Petite power on the WTA Tour

ByKAMAKSHI TANDON
August 21, 2014, 1:11 PM

— -- Small players are doing big things on the WTA Tour. No. 2 Simona Halep is 5-foot-6 and reached the French Open final this year; 5-3 Dominika Cibulkova got to the Australian Open final and is ranked No. 13. The members of the top-ranked doubles team, Sara Errani and Roberta Vinci, each stand at 5-4, with Errani also getting as high as No. 5 and Vinci No. 11 in the singles rankings. At Indian Wells in early March, 5-2 Lauren Davis defeated an injured 6-foot Victoria Azarenka, and 5-6 Camila Giorgi ousted 6-1 Maria Sharapova. Sharapova also lost to 5-4 Carla Suarez Navarro, a French Open quarterfinalist, in Montreal earlier this month.

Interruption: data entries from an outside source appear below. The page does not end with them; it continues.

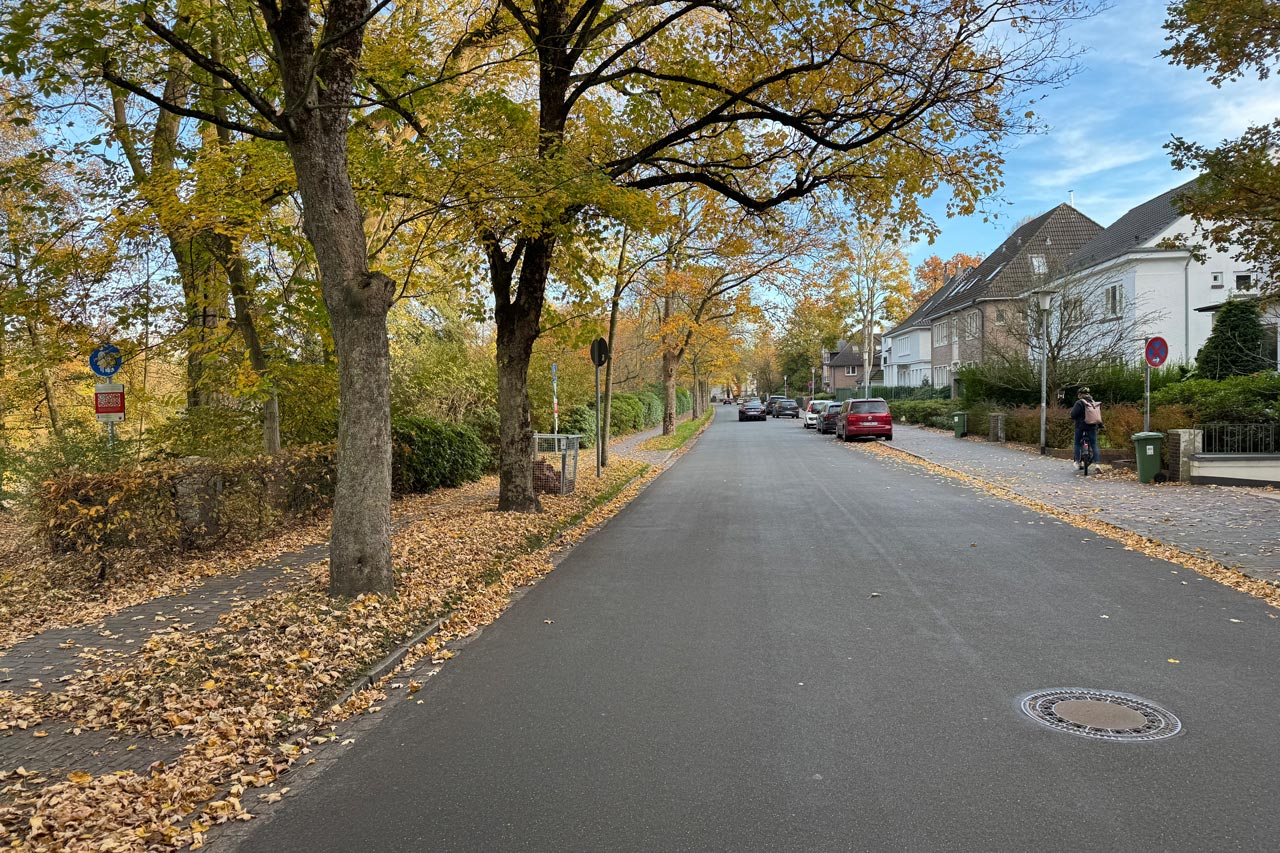 Anfang Januar 2026 wird der Abschnitt der Tirpitzstraße vom Kreuzungspunkt Tappenbeckstraße bis zur Hausnummer 33 vollständig erneuert.
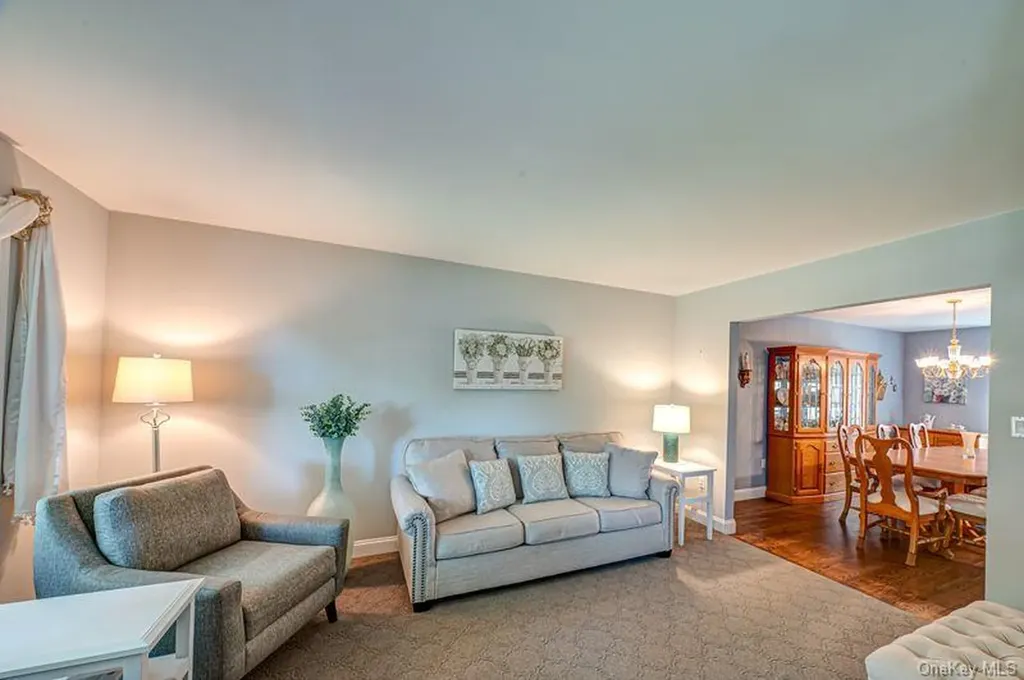 29 Bailey Avenue Babylon NY 11702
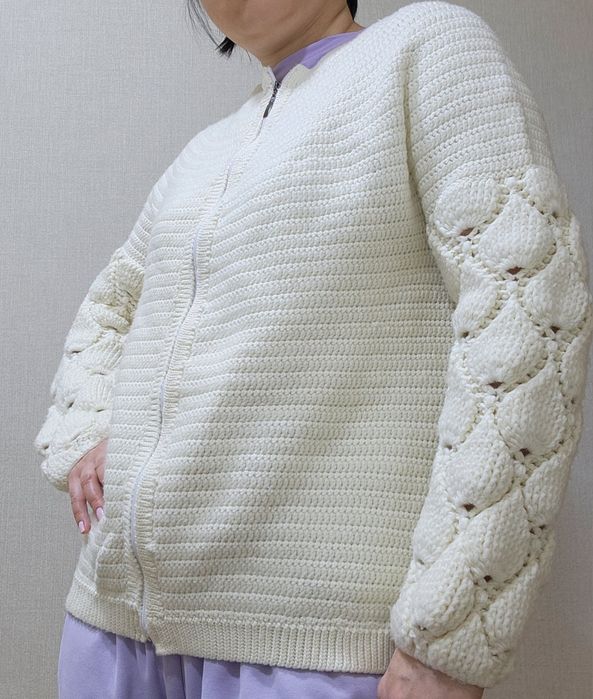 Продам кофту ручной вязки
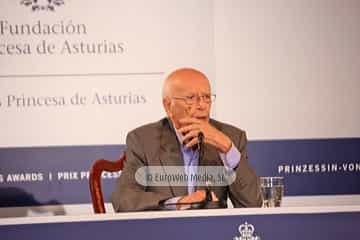 Emilio Lledó Íñigo, Premio Princesa de Asturias de Comunicación y Humanidades 2015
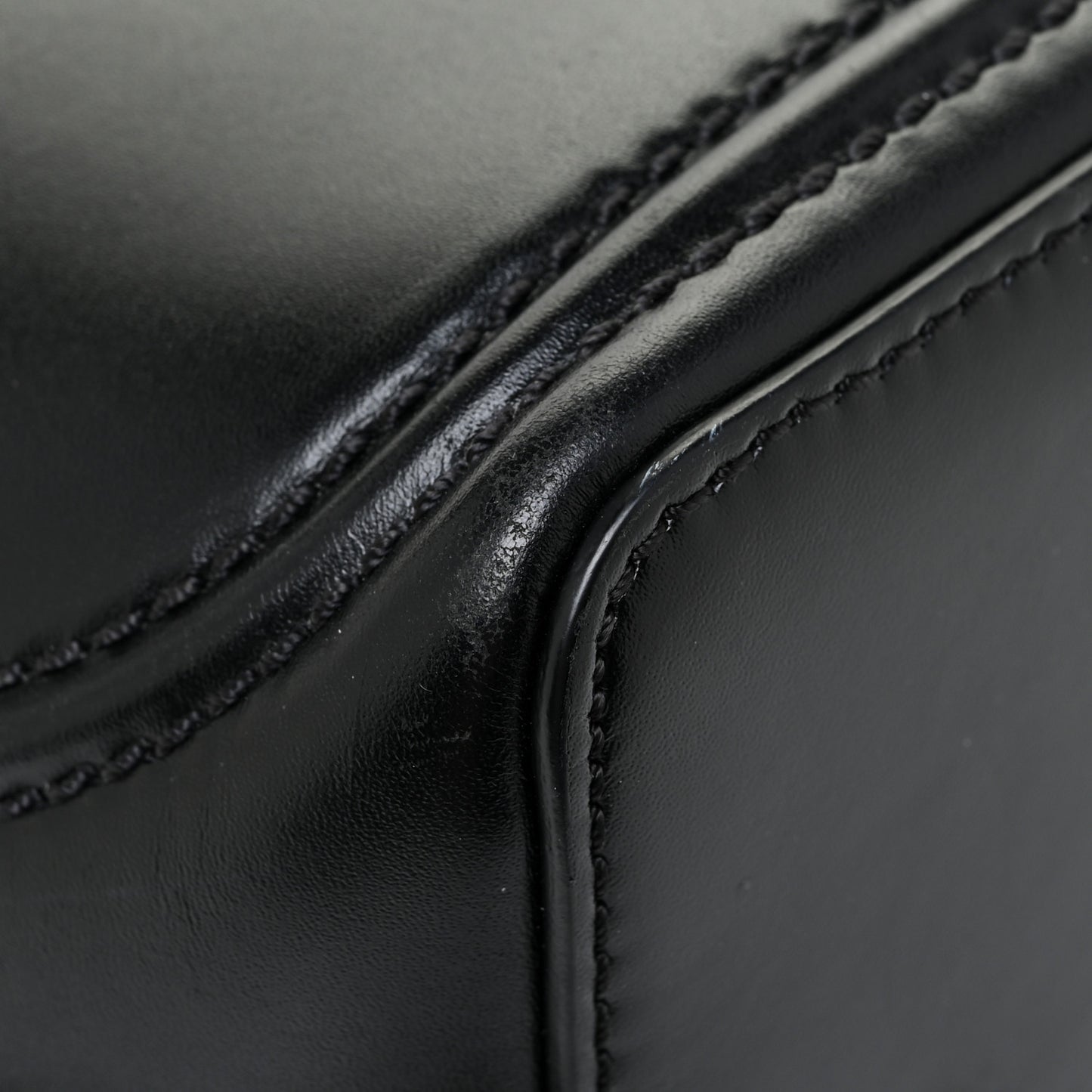 Calfskin Vlogo Walk Bucket Bag Black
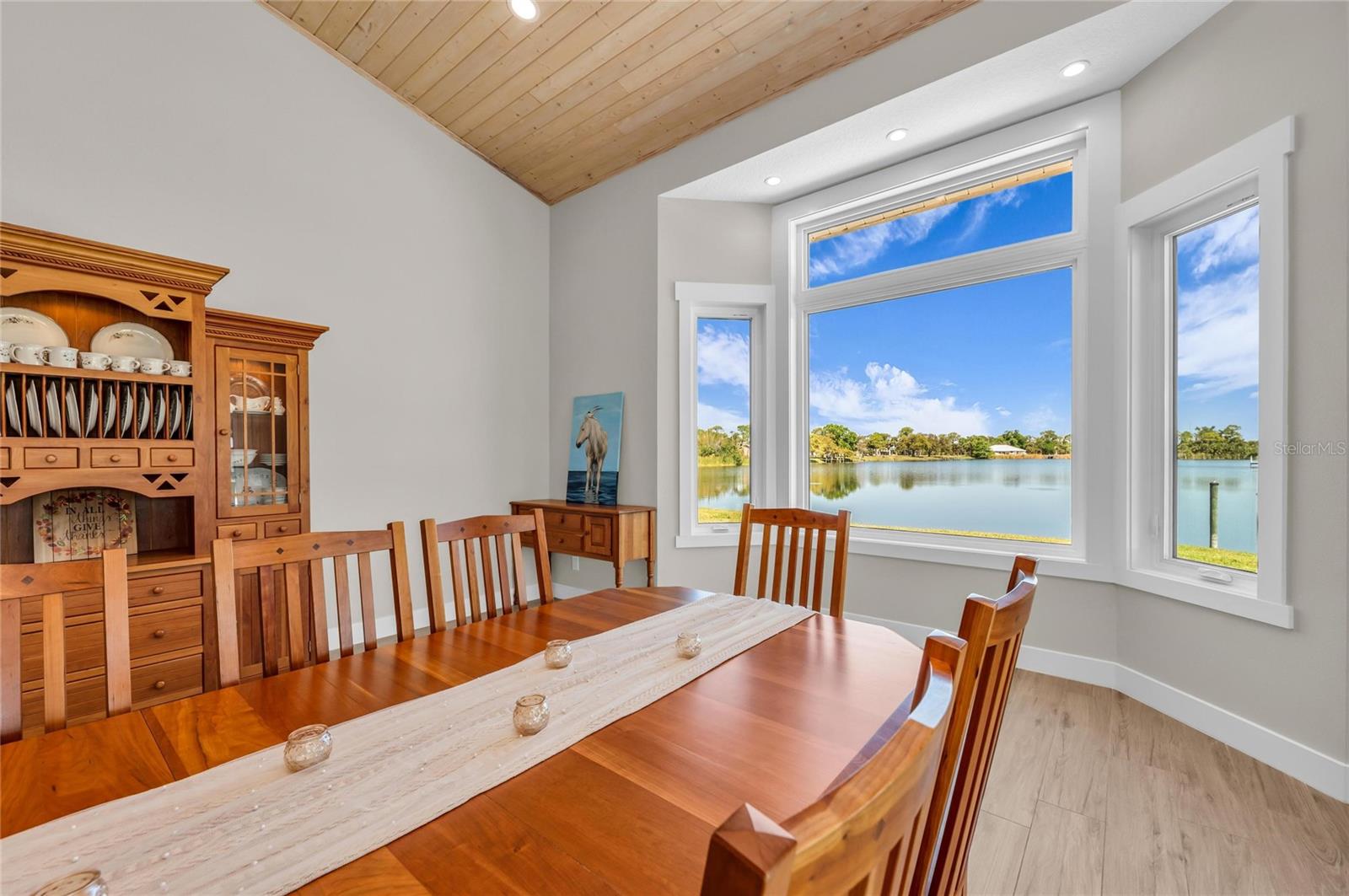 Image 37 of 100 For 770 Buckskin Court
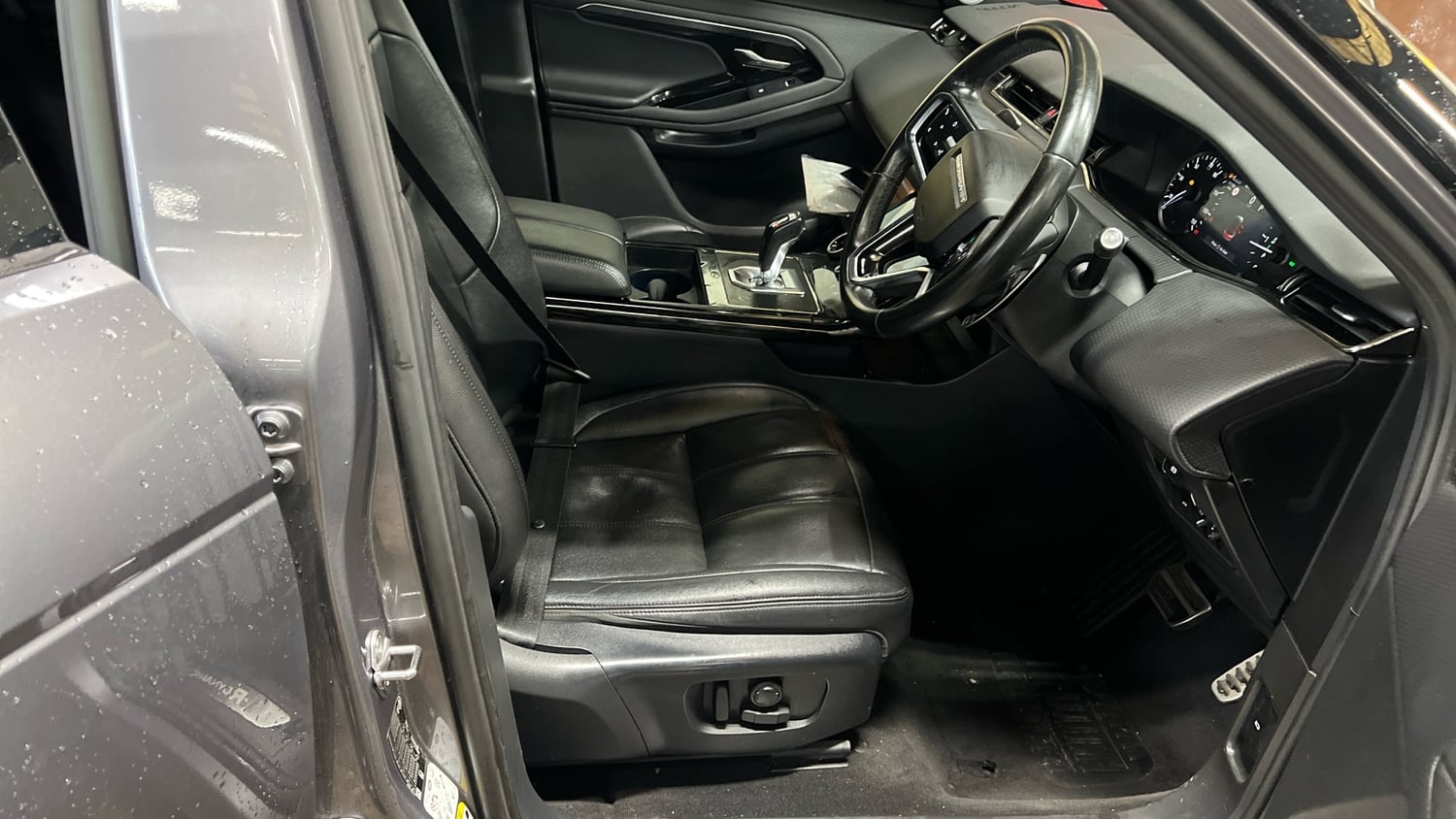 [ berth ]Land Rover Range Rover Evoque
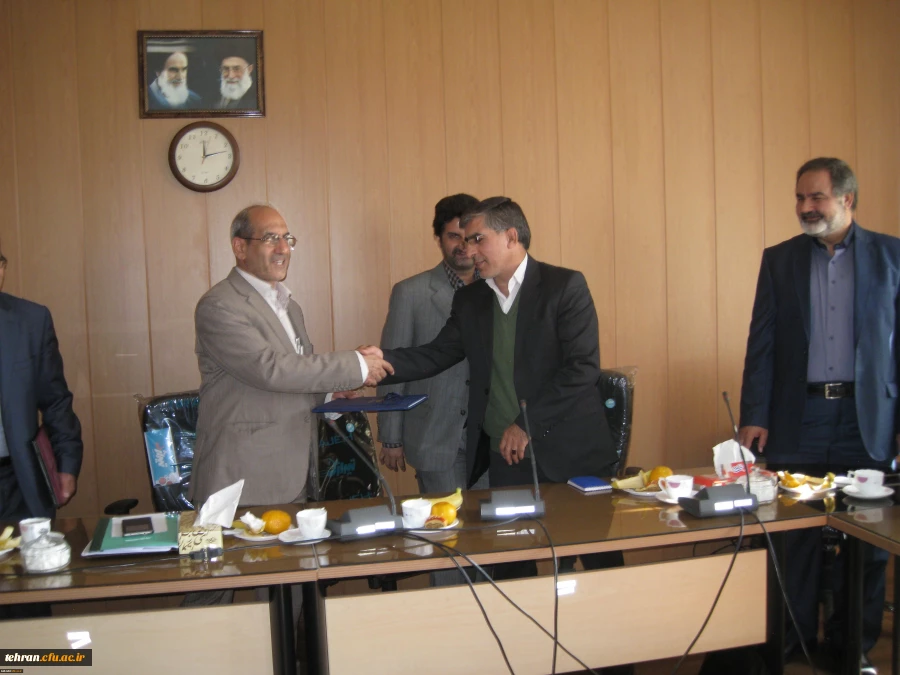 آیین تکریم دکتر انصاری راد سرپرست سابق مرکز آموزش عالی شهید بهشتی تهران و معارفه دکتر آزادی سرپرست جدید این مرکز برگزار شد 6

They are among 12 players in the top 50 who are 5-6 or shorter, helping show that size does not have to matter on a tour where most of the competitors are at least 5-8 and several are taller than 6-foot.

Traditionally, shorter players have kept up with their taller counterparts with speed and consistency -- the trademarks of the petite. But the recent surge of smaller players is also marked by something else. They may lack height, but they do not lack power.

Halep, 23, credits her entry into the top ranks to playing more aggressively, positioning her small but powerful frame on top of the baseline and taking the ball on the rise to "open up the court very well, open up the angles."

Despite being one of the most diminutive, Cibulkova is known for packing a punch. The "pocket rocket" from Slovakia doesn't hold back, unleashing on the first ball she can.

"I go for my shots and I just play very aggressive and most of the time I feel like I push the other players. So yeah, I'm small, but I have a lot of power," she told ESPN.com. "The way I hit the shots, they go pretty flat and fast from my racket."

Their lack of height does show when serving, for neither Halep nor Cibulkova has a strong delivery, but both possess the foot speed taller players typically lack.

Cibulkova has defied those who told her to play a game more suited to her size.

"Of course they did before, when I was small and younger and everything, but it was a style of game that I really liked and it became part of me," Cibulkova said. "It's challenging for me to beat the tall players and the best players in the world, and yeah, that's something I have inside of me."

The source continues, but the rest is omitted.